Up to this week, President Clinton's poll ratings had been steadily dropping as Americans grew increasingly anxious about nine weeks of air strikes, bombing accidents and debates over a ground invasion. Measured against previous presidents, Clinton's current 53 percent approval rating is still cause for smiles in the White House, but it is down from 62 percent in mid-April. Doubtless last week's announcement of a cease-fire in Kosovo and the acceptance by Serbian President Slobodan Milosevic of NATO terms will send those numbers higher.
The wonder is that it has taken a war to cause any dent in the first place. Sated by the unprecedented prosperity that began in this country back at the beginning of 1983, with only one brief, mild recession in the early 1990s, Americans seem unusually contented.
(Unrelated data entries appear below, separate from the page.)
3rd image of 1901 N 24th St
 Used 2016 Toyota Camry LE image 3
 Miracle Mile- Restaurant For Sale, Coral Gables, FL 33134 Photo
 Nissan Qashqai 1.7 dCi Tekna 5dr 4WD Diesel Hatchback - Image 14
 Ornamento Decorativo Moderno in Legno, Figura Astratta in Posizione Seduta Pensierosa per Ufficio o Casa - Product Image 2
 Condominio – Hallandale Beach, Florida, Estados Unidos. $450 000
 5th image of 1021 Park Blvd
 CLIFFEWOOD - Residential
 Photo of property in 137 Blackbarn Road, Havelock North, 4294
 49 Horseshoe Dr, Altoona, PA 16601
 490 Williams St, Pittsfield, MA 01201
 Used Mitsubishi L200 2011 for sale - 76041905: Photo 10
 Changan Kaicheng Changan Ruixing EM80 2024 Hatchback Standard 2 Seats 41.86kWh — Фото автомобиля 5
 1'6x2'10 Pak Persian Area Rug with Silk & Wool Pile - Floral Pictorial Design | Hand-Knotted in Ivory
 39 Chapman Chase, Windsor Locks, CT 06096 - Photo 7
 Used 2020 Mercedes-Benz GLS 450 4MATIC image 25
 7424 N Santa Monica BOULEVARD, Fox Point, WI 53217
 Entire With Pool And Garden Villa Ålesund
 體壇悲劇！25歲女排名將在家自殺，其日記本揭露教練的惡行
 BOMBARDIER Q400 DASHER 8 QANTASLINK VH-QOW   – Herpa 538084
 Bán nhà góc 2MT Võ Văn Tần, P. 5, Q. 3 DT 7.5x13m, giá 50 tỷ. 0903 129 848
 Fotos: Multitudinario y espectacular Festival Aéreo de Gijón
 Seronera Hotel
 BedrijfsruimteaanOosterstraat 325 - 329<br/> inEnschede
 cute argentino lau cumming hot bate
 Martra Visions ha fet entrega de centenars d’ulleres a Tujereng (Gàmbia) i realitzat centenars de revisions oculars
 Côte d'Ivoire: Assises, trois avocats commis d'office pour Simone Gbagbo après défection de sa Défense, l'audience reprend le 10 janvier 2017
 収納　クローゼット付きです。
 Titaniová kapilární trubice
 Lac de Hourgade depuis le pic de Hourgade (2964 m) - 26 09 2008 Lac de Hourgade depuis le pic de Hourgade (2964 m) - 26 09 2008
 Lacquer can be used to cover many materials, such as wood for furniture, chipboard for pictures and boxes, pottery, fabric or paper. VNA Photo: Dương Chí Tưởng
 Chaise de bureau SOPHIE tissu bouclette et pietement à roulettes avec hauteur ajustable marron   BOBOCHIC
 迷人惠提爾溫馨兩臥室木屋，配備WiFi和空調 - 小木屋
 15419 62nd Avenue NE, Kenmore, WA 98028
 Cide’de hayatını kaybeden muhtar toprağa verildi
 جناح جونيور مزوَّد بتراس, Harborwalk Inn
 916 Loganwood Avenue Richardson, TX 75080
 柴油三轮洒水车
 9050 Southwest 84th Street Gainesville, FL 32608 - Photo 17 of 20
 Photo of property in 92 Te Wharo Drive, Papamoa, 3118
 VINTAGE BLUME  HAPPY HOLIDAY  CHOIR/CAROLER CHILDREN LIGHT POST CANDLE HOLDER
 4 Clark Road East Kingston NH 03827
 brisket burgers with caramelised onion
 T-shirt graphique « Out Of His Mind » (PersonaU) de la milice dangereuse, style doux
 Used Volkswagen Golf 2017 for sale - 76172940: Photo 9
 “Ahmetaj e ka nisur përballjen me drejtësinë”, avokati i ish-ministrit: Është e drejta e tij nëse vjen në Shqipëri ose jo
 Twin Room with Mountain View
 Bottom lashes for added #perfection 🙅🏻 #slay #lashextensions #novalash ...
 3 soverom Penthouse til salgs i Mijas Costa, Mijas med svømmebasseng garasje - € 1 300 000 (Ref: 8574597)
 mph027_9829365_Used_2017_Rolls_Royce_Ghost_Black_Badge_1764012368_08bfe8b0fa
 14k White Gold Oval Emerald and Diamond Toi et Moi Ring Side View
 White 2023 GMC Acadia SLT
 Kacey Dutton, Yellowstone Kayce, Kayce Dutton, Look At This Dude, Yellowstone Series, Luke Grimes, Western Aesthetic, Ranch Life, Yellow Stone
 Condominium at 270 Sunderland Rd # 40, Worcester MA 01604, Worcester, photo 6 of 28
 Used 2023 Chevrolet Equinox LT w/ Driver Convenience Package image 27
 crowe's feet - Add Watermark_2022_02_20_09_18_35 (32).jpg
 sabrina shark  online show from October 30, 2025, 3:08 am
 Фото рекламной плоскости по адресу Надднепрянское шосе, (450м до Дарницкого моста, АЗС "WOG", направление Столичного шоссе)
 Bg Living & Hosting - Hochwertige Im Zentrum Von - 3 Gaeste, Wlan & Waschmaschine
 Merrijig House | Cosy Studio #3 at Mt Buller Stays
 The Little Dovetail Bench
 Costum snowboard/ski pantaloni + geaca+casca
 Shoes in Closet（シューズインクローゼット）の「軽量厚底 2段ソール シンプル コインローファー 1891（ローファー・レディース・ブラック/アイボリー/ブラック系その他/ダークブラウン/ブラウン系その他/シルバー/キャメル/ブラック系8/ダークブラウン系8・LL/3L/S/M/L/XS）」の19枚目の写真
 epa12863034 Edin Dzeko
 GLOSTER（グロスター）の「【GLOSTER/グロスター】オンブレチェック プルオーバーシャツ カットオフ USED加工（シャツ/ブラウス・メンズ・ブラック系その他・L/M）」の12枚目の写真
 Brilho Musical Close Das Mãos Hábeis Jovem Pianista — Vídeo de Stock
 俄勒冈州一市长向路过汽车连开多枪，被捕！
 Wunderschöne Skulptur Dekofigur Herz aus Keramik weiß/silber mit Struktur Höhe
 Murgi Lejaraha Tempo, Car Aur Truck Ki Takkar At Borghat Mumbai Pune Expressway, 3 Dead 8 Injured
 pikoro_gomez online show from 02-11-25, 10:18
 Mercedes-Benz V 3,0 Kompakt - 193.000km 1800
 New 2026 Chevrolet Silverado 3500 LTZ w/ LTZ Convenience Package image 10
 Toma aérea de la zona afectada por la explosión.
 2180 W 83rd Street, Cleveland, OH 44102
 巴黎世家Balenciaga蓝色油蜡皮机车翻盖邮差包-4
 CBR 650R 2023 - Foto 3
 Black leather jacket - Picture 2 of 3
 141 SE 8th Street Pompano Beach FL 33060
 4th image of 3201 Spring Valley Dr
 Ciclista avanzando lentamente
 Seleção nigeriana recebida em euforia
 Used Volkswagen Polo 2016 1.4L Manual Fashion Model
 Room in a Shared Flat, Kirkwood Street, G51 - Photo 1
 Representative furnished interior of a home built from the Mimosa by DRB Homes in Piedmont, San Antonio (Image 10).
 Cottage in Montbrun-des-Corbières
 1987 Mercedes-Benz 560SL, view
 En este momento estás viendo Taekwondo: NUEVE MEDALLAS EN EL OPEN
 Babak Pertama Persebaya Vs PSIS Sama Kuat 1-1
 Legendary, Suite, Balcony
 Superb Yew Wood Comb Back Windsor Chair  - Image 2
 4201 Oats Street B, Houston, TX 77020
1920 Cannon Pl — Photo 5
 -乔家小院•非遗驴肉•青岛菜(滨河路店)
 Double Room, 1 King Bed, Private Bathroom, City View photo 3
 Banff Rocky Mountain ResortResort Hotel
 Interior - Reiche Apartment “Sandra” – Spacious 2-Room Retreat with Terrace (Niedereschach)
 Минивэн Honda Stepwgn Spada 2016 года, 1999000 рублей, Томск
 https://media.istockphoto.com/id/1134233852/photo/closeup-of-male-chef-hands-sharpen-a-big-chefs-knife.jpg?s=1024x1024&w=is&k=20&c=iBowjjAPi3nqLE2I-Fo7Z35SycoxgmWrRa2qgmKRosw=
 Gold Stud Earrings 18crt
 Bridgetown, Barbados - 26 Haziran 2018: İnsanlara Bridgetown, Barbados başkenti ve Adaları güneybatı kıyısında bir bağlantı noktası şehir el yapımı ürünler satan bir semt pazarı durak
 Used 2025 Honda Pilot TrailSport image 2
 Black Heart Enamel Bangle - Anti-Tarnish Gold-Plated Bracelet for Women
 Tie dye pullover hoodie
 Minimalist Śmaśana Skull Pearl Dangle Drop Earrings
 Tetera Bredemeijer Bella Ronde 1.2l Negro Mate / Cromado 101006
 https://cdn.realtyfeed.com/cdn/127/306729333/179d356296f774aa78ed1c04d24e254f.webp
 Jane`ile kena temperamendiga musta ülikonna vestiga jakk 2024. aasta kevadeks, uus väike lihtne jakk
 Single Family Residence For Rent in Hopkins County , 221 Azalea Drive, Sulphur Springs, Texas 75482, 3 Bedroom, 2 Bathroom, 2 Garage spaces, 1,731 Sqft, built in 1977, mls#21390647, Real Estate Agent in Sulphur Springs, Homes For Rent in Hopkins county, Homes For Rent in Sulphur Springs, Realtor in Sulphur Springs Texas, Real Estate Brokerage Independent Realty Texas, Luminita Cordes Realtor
Nearly all pollsters of both parties agree that presidential approval polls reflect the state of the economy, at least as it is perceived by most Americans.
Other observers wonder how this administration could have survived countless other disclosures: Nine hundred FBI files purloined illegally. The Travelgate mess and its attendant misuse of the FBI and IRS. Whitewater and all its related indictments and convictions of Clinton intimates. The first lady's miracle investment acumen in turning $1,000 into $100,000 in the volatile commodities trade. The president's out-and-out lies and long-running coverup of his disgraceful relationship with Monica Lewinsky, including his sending out dozens of administration officials to lie for him, for months, to the American people. The biggest of them all -- the compromising of American security, in exchange for illegal campaign cash, through the transfer of military and intelligence secrets to the Communist Chinese. And doing nothing about this after the president and his key security aides were notified.
Given this record, it is doubtful that historian will deal with him as kindly as have the American people these last seven years.